Firefly provides a centralized layer to track infrastructure, detect drift continuously, enforce policies, and standardize Terraform usage across teams.

A common question in Terraform setups is where to store the state file: S3, GCS, or another backend. At a small scale, this works, for example, you configure a remote backend, enable state locking, and run terraform apply. This breaks once multiple engineers and CI pipelines start applying changes to the same infrastructure.

In a multi-cloud setup with hundreds of resources, the problem is not where the state lives. The problem is whether the state still reflects actual resources. Teams run Terraform apply through pipelines. Shared resources like aws_vpc, aws_subnet, and aws_iam_role are used across services. Manual updates during incidents are not written back to the Terraform state.

This is where failures appear. A terraform plan shows no changes, but terraform apply updates to an existing aws_security_group because the state is outdated. A variable change in one module forces the recreation of an aws_instance used by another service. Two environments using the same module diverge because different tfvars were applied.

At this point, Terraform is no longer just provisioning resources. Every terraform apply reads state, compares it with the configuration, and updates resources based on that diff.

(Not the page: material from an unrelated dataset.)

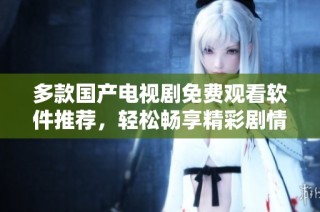 多款国产电视剧免费观看软件推荐，轻松畅享精彩剧情不花钱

If the state is incorrect or shared across unrelated components, Terraform apply can update unintended resources, recreate existing infrastructure, or overwrite manual fixes.

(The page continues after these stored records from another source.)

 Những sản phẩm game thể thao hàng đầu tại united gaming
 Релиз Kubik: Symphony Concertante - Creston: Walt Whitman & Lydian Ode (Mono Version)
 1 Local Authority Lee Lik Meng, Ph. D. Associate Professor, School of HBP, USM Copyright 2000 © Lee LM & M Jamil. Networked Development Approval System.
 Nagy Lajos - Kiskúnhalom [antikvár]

This guide focuses on structuring Terraform so that terraform plan reflects actual resources, terraform apply only updates intended resources, and state remains consistent across pipelines and environments.

The Terraform Operating Model for Large-Scale Infrastructure

Terraform best practices usually focus on module structure, variables, and provider configuration. That does not prevent failures during Terraform plan and Terraform apply. Terraform reliability depends on how terraform plan and terraform apply are executed against remote state, not just how .tf files are written.

In most setups, multiple CI pipelines operate on shared resources such as aws_vpc, aws_subnet, and aws_iam_role, all backed by the same remote state. In this setup, terraform plan calculates changes using the current state, and terraform apply executes those changes and updates the state.

For this to remain predictable, both commands must operate on the same, up-to-date state and must not run concurrently.

If this is not enforced, the plan that is reviewed in CI no longer represents what is applied. A pipeline can generate a terraform plan, another pipeline can update the state, and the original apply will still proceed using outdated assumptions. Similarly, concurrent terraform apply runs without proper locking can overwrite state changes, leading to partial or unintended updates.

To avoid this, Terraform execution must follow a consistent model:

terraform plan runs against the latest remote state
terraform apply runs with state locking enabled
Only one pipeline modifies a given state backend
The plan that is reviewed is the one that is applied

When this is enforced, terraform apply reflects exactly what was reviewed. Without it, Terraform can update resources outside the intended scope.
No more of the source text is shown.